• **Exercise**:
Could you please output all of the data exactly, without the images?

• **Given information**:
######

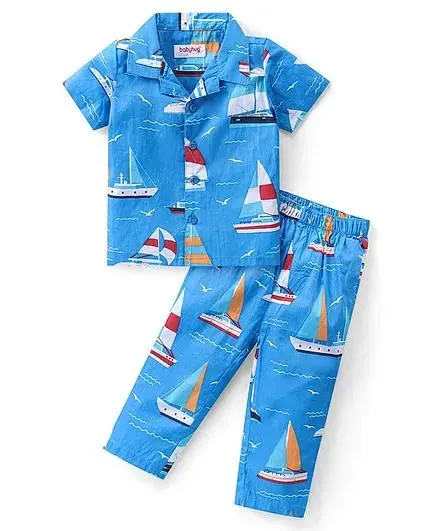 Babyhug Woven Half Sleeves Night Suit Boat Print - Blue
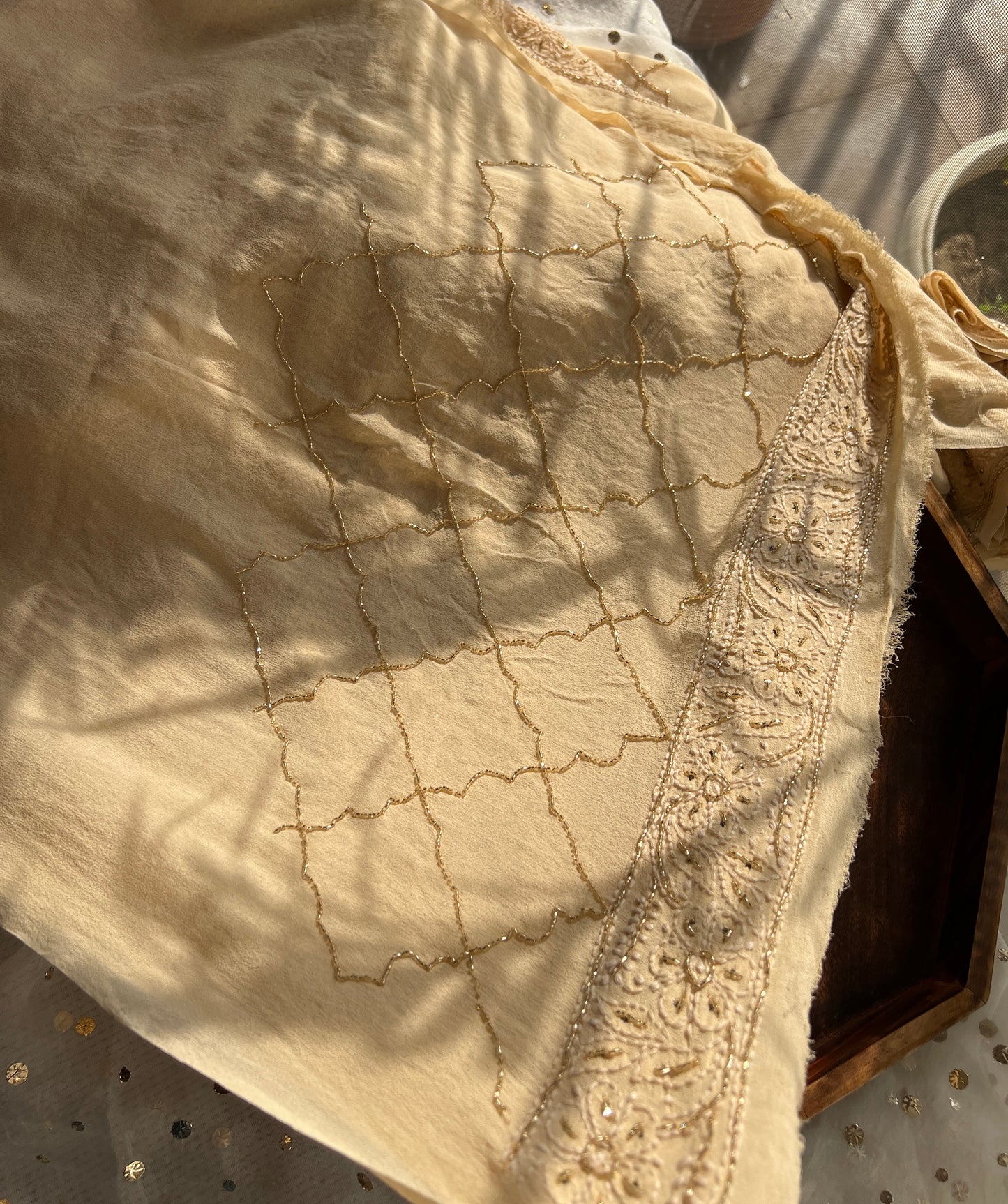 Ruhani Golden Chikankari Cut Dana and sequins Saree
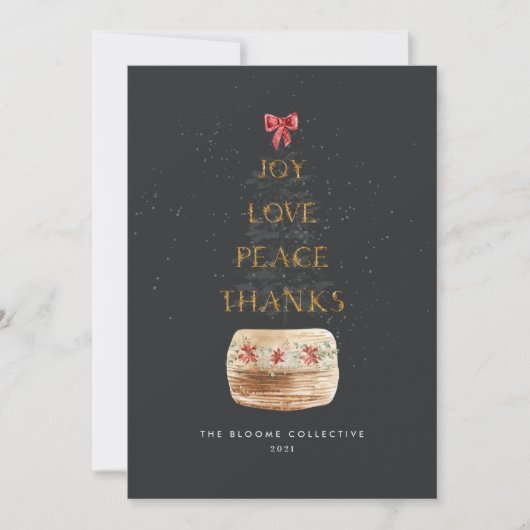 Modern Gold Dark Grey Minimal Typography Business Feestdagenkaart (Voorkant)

######

• **Response box**:
 Babyhug Woven Half Sleeves Night Suit Boat Print - Blue
 Ruhani Golden Chikankari Cut Dana and sequins Saree
 Modern Gold Dark Grey Minimal Typography Business Feestdagenkaart (Voorkant)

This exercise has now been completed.